Mme Jérôme-Forget indiquera peut-être quelques pistes jeudi. Il est cependant douteux que le gouvernement ait l'autorité morale nécessaire pour convaincre la population de la nécessité d'un virage majeur. Quand il a réussi à mobiliser le Québec tout entier dans la quête du déficit zéro, au sommet de mars 1996, Lucien Bouchard était encore au sommet de sa popularité.
C'est très loin d'être le cas de M. Charest et de sa ministre des Finances. À peine trois mois après les dernières élections générales, ils sont les deux personnalités politiques dont les Québécois ont la plus mauvaise opinion, selon le plus récent baromètre de Léger Marketing.

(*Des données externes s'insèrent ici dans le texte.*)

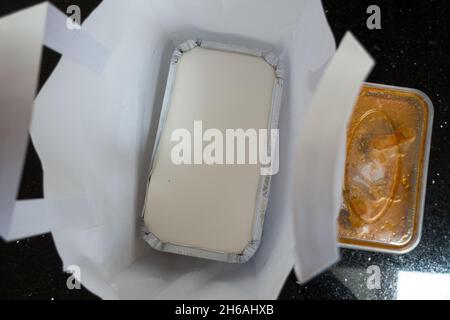 Draufsicht auf einen Beutel zum Mitnehmen von Lebensmitteln mit Behälter aus Aluminiumfolie, der sich unten im Beutel befindet Stockfoto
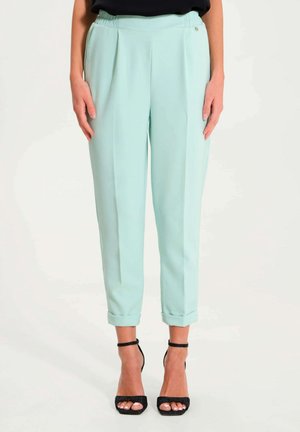 Lyse mintgrønne, tætsiddende bukser med opbuk ved buksebenene, båret med sorte, ankelstroppede højhælede sandaler mod en ensfarvet baggrund.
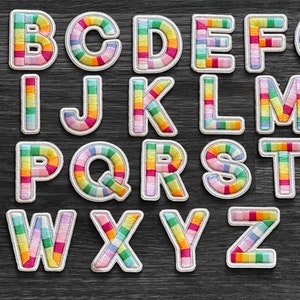 May include: A full alphabet of embroidered patches, each letter in a different design. The letters are in a rainbow of colors, with a white border. The patches are on a dark gray wooden surface.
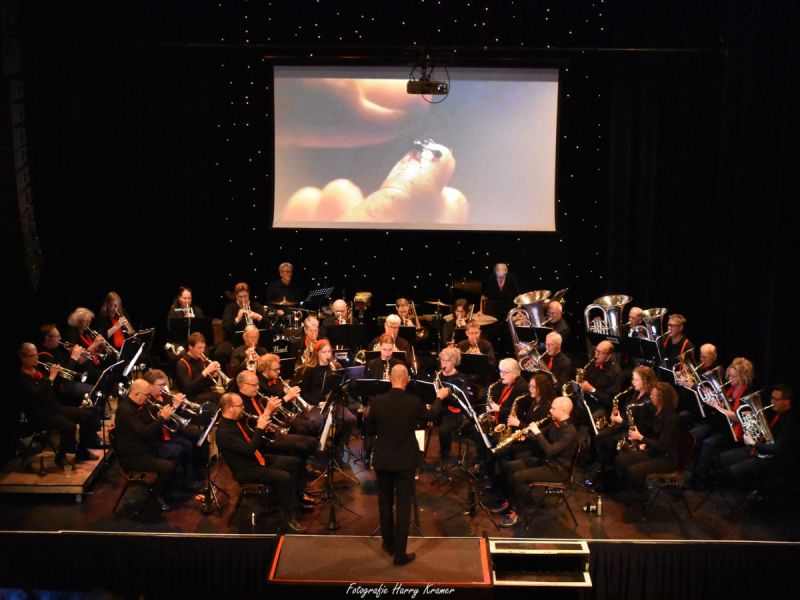 De FlevoFanfare in The Lux tijdens het Proms Concert, de diregent staat er voor en op het scherm een scene van een film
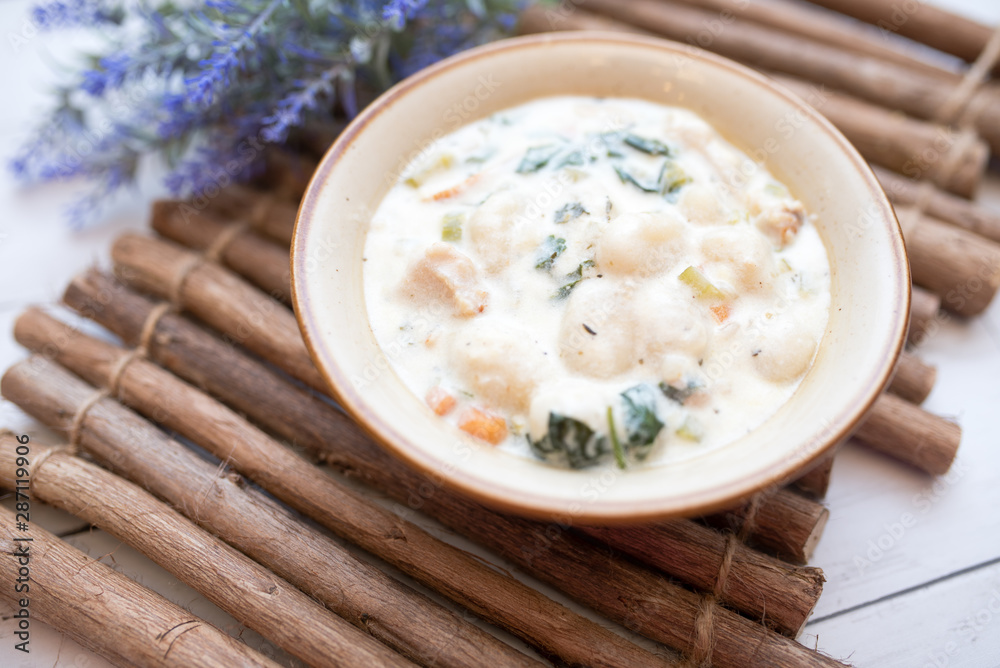 Traditional Italian chicken gnocchi soup in a bowl Traditional Italian chicken gnocchi soup in a bowl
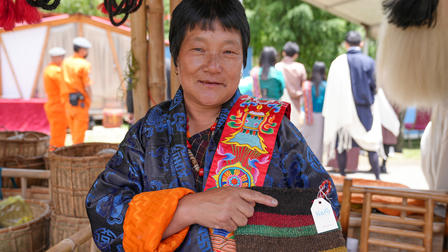 Person with blurred face wearing blue and orange traditional clothing at a colorful outdoor market.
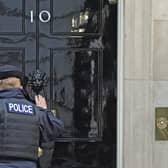 A police officer knocks on the door of the Prime Minister's official residence in Downing Street. Picture: PA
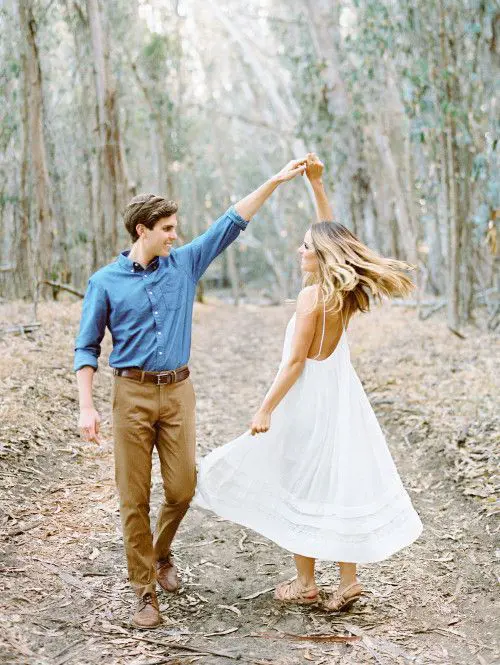 Couple in love dance with each other in the woods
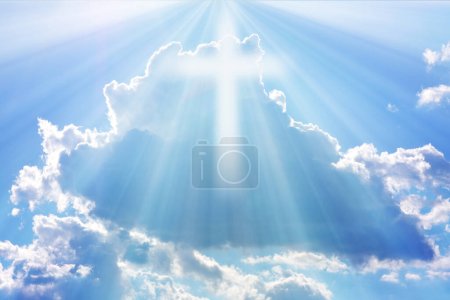 Easter background with a shining cross on blue sky with white clouds and lightbeam.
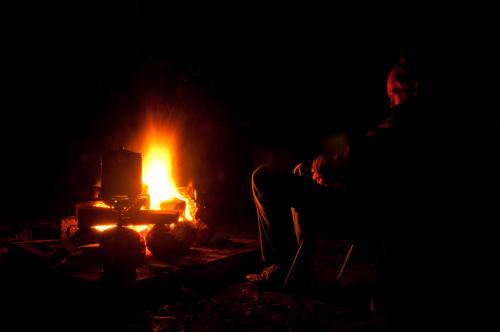 Man sitting in front of campfire boiling the billy at night - Australian Stock Image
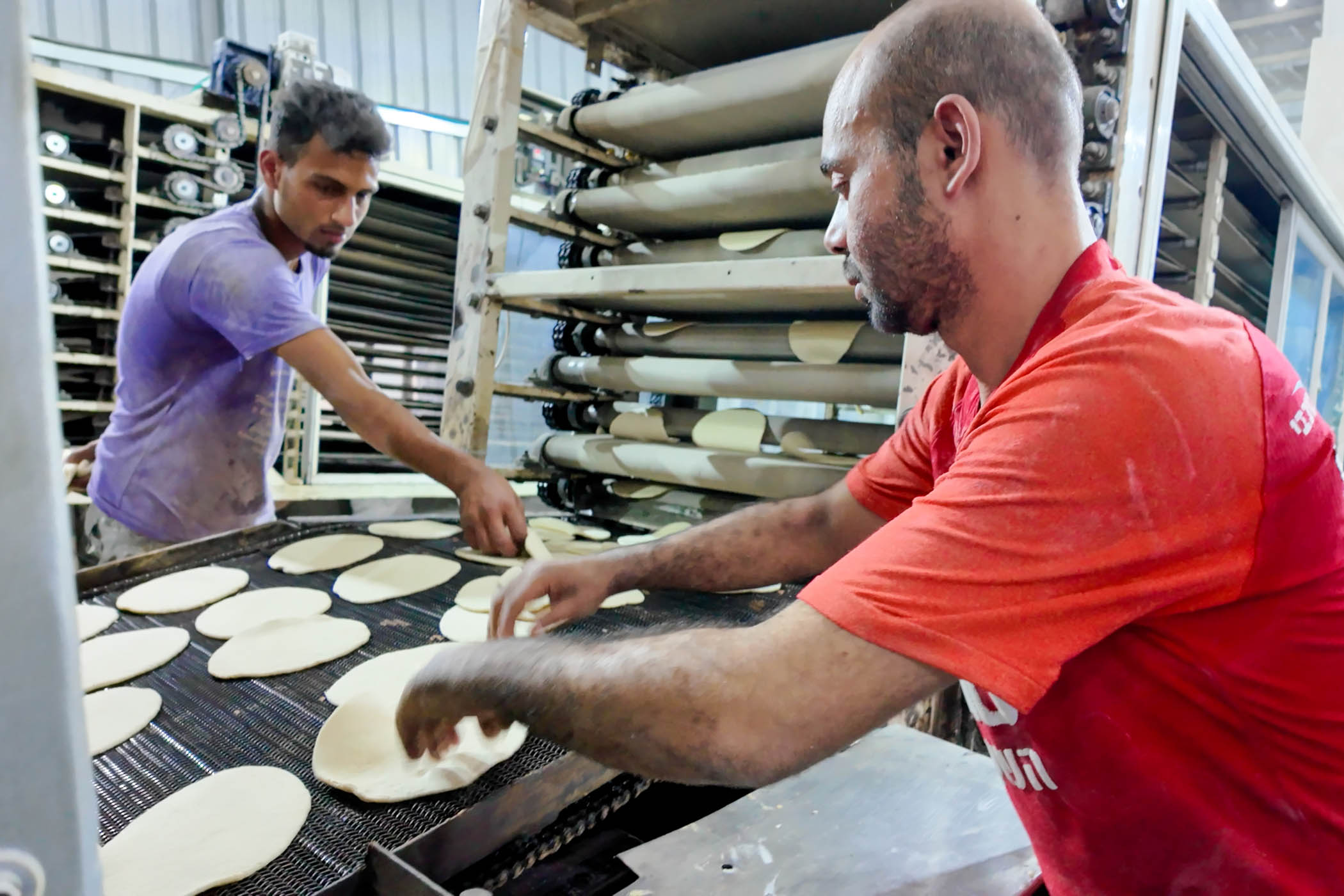 Under the ceasefire, workers at the Castle Bakery produce up to 300,000 pitta breadsa day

Que l'objectif soit de réduire la dimension de l'État ou d'introduire une toute nouvelle philosophie en matière de tarification des services publics, la confiance est un ingrédient indispensable. Les sacrifices ne peuvent être acceptés que dans la mesure où leur justification ne fait aucun doute, sous peine de compromettre sérieusement le climat social.
Malheureusement, au cours des derniers mois, le gouvernement Charest a lamentablement échoué au test de la franchise. Ce n'est certainement pas la comparution de Mme Jérôme-Forget en commission parlementaire et la nomination tout à fait irrégulière du nouveau président de la Caisse de dépôt qui vont arranger les choses.